Some more OLPC XO notes

Here are a few random notes about the XO, after a day of playing with it: It’s heavier than I thought it was going to be. If I had to guess, I would say that combining the need to be robust enough for kids, with the need to be inexpensive, probably means that it was … Continue reading “Some more OLPC XO notes”

Here are a few random notes about the XO, after a day of playing with it:

  • It’s heavier than I thought it was going to be. If I had to guess, I would say that combining the need to be robust enough for kids, with the need to be inexpensive, probably means that it was bound to be heavy. It would really be too heavy to be an eBook reader, if I wasn’t pudgy enough to have a “belly shelf” to put it on. 😉
     
  • The keyboard is too small to type on. It is, of course, too small for my adult hands, but it even seemed small when my 11 year-old nephew was playing with it. I understand that the size (and the lime-green color) were intended to make it less appealing to adult thieves. I guess will see. To me it’s no worse than learning the Treo or the iPod Touch keyboards. In this case, 2 fingers from each hand + the right thumb on the space bar is working for me.
     
  • There’s something odd about the trackpad. It seems to get in a mode where it causes the cursor to jump to one corner of the screen every time you lift your finger off the surface. Whatever it is, Jeff noticed the problem on his as well, so it’s not a hardware problem with mine.
     
  • FBReader works better than I thought it would. I installed it by finding an RPM that started with “fbreader” at http://mirrors.kernel.org/fedora/updates/7/i386/ and then getting it with a command like:
        rpm -ivh http://mirrors.kernel.org/fedora/updates/7/i386/fbreader...
    

    (Note: You probably have to be su’ed to do that.)
    To start it, you type “FBReader” at the shell prompt. To exit, you hit “cntrl-Q”. The default font, font sizes, margin spacing, and keybindings all need to be adjusted on first use, but the values are remembered so it’s not a big deal. It may just be personal taste, but I find the resulting experience to be more pleasing than using the built in PDF reader. In any case, it’s certainly faster.
     

  • The SD slot seems to work fine. The way I tested FBReader was by sticking in an old 256Meg SD card I had used with one of my previous Palms, which was full of eBooks. It mounted as “/media/SD256” (because the volume label was “SD256”), and when I told FBReader that “/media/SD256/palm/Books” was on the library path it found the 4 unencrypted DOC format books that were there.
     
  • Wireless is definitely an issue. After several hours of attempting to get it to connect via WEP to my Airport Extreme, including following the instructions of people who have gotten it to work, I have given up. The claim is that the XO can’t speak WPA yet, but there also seems to be a counter-example. I may switch over to WPA and try that, but for now I just stuck a Linksys “USB200M ver.2” USB-to-wired-ethernet adapter into one of the USB ports. This worked without problem, and at least seems to be faster than using wireless anyway.
     

4 thoughts on “Some more OLPC XO notes”

  1. The trackpad is a known issue that’s been fixed.
    http://tinyurl.com/3y5tzr

    I had the opposite problem with wireless. I gave up on WPA2 and switched my network to WEP instead. I’m on the shipped build 650.
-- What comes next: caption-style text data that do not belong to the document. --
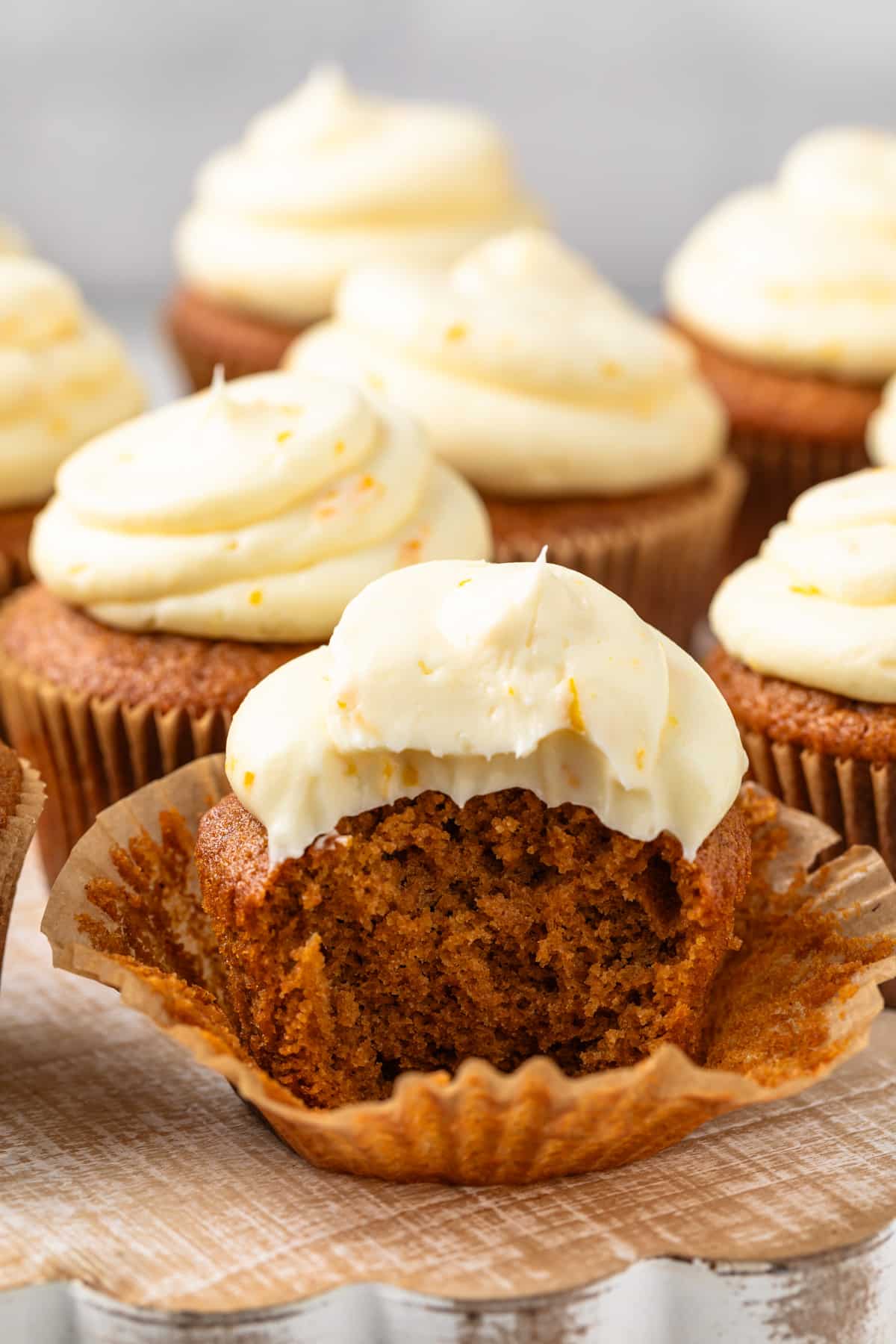 Gingerbread cupcake with a bite taken out.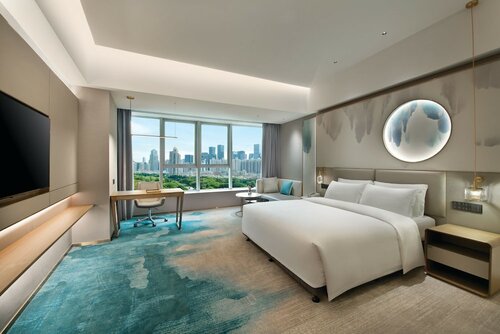 Улучшенный номер, 1 двуспальная кровать «Кинг-сайз» в Grand Skylight Garden Hotel Shenzhen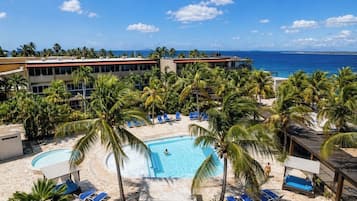 Outdoor pool, free pool cabanas, pool umbrellas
    WPA does work in latter builds and the plan is to have it working for update.1

  2. I’ve managed to get my XO to work with my Airport Extreme & WPA2 by upgrading the XO image to 653 (http://wiki.laptop.org/go/Activated_Upgrade) and using the Wpa.sh script (http://wiki.laptop.org/images/4/44/Wpa.sh) described at http://wiki.laptop.org/go/WPA_Manual_Setting

    I also had to open the wireless network (broadcast SSID), which was a little annoying. Generally, it’s working well, but I’m prompted for a password on initial association. Cancelling that, switching to the network view and clicking on the icon for my AP seems to do the trick.

  3. I tried upgrading to 653, but still had no joy with WEP. I guess I’ll wait for the next official build before I try again. The USB-to-wired-ethernet adaptor is working well enough for now.

  4. So, I couldn’t take it. I flipped my network over to WPA, ran the Wpa.sh script, rebooted and… it worked. I’m happily entering this over wireless.